Kûtü’l-Kulûb
Ebû Tâlib el-Mekkî kuddise sırruhûnun hayatı hakkında kaynaklarda fazla bilgi yoktur. Aslen İran’ın batısındaki Cebel bölgesindendir. Mekke’de uzun süre kaldığı ve burada yetiştiği için Mekkî nisbesini almıştır. İmam Gazâlî rahmetullahi aleyh ve Abdülkadir-i Geylânî kuddise sırruhû üzerinde önemli tesirleri olmuştur. Öğrenimine Mekke’de başlayan ve burada hadis tahsil eden Ebû Tâlib, çeşitli beldeleri dolaşmış, hayatının son yıllarını Bağdat’ta vaizlik yaparak geçirmiş; Hicri 386 – Miladi 996’da burada vefat etmiştir.
Ebû Tâlib el-Mekkî kuddise sırruhûnun en önemli ve günümüze kadar gelen tek eseri, Kûtü’l-Kulûb’dur. Bir tasavvuf klasiği olan Kûtü’l-Kulûb müellifinin yaşadığı asır, tasavvuf ehli ile ona karşı olanların münakaşa halinde bulundukları bir dönemdir. Bu eserin, iki taraf arasında bir köprü kurmak ve tasavvufun Kur’an ve sünnet-i seniyye çizgisinde bir ilim olduğunu ortaya koymak amacıyla kaleme aldığı söylenebilir.

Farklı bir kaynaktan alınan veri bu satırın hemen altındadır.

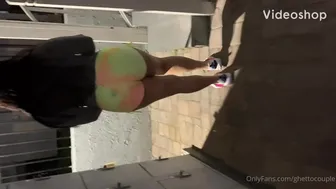 Freaky Ghetto Couple VIP aka ghettocouple onlyfans newest video 23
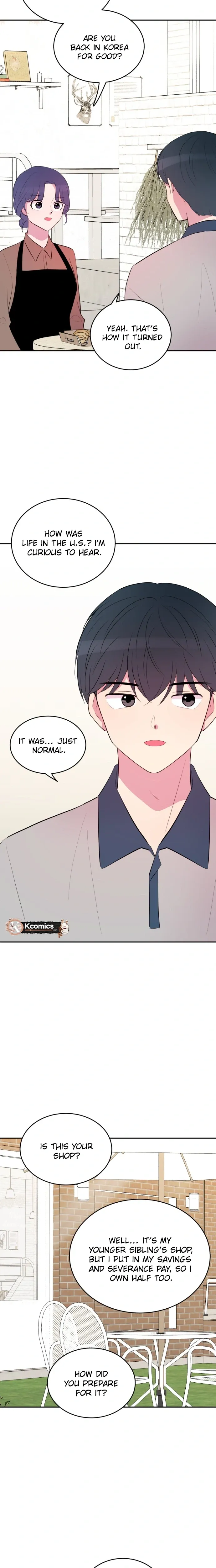 Even If You Don’t Have a Third Chapter 30 page 20 - 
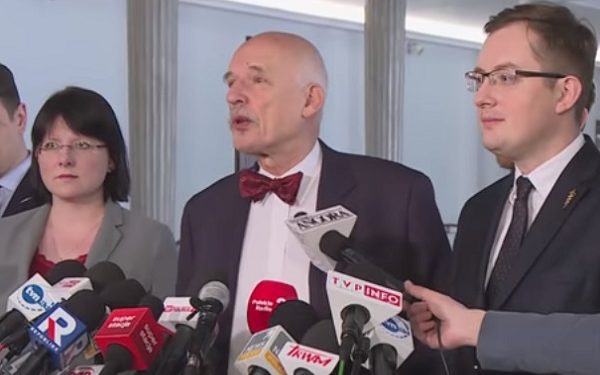 1 maja Marsz Suwerenności w Warszawie. Eurosceptycy wyjdą na ulicę [WIDEO]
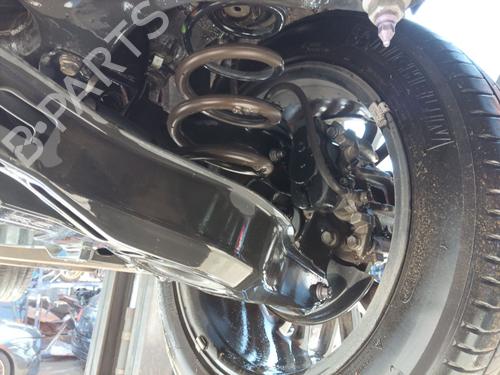 Used Right rear steering knuckle TOYOTA C-HR (_X1_) 1.8 Hybrid (ZYX10_, ZYX11_) (98 hp) 25340184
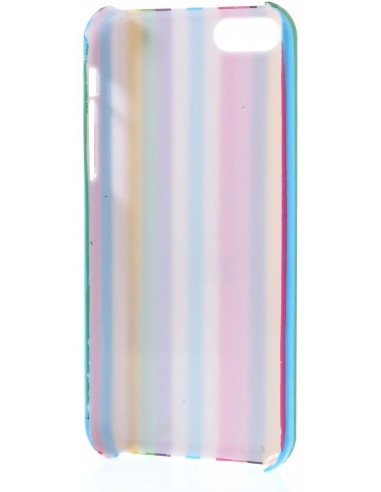 Coque Fantaisie Iphone 5C Multicolor
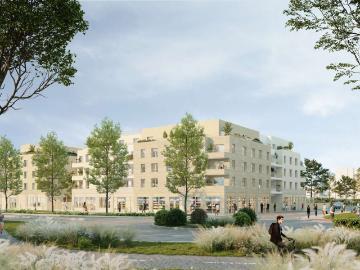 Vente appartement 3 pièces Saint Leu la Forêt 95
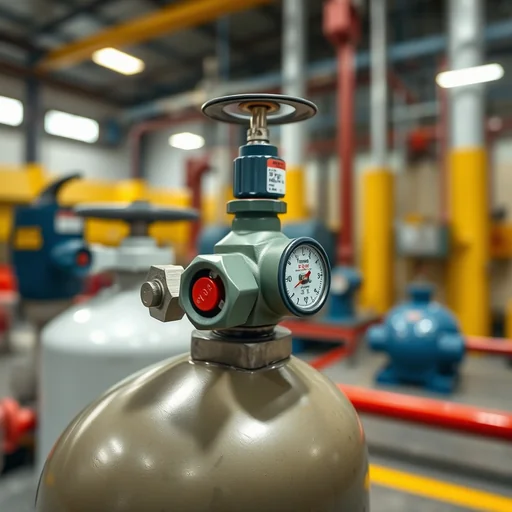 Troubleshooting Sistem Gas Industri Bogor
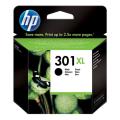 HP inktcartridge zwart (CH563EE / 301XL) (hoge capaciteit)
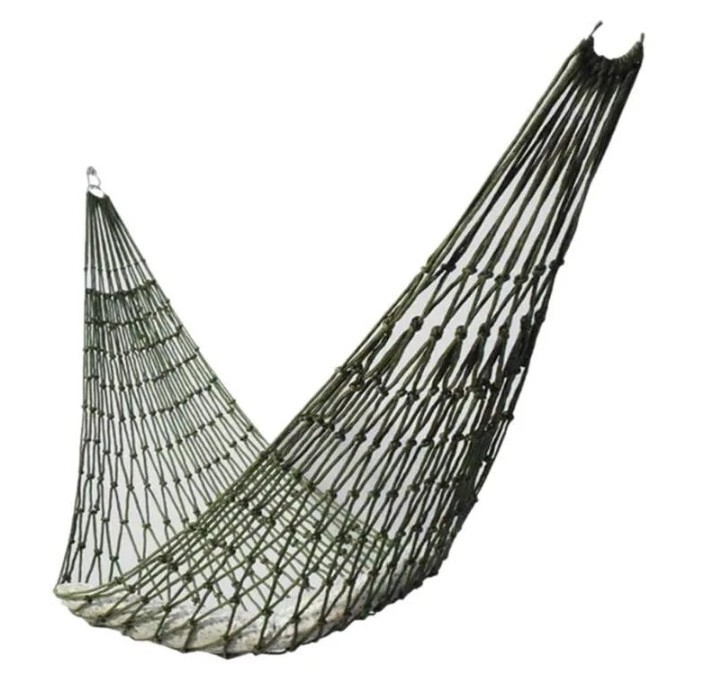 Outdoor Sport Hammock, Outdoor Sport Camping Hammock Net Mesh Nylon Rope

Ebû Tâlib el-Mekkî kuddise sırruhû, Kûtü’l-Kulûb’da Hicrî 4. – Miladi 10. asırda yaygın fikirleri ve tasavvufî cereyanları genel hatlarıyla anlatır. Tasavvufî meseleleri tamamen âyet ve hadislerin ışığında ele alır. Kûtü’l-Kulûb, tasavvufun ilmî ve amelî meselelerini konu edinen temel kaynaklarından biridir. Ayrıca tasavvufun amelî örnekleri ve incelikleriyle dolu olan eser, Sünnî tasavvufun ilk kaynaklarından biri olma özelliğine de sahiptir.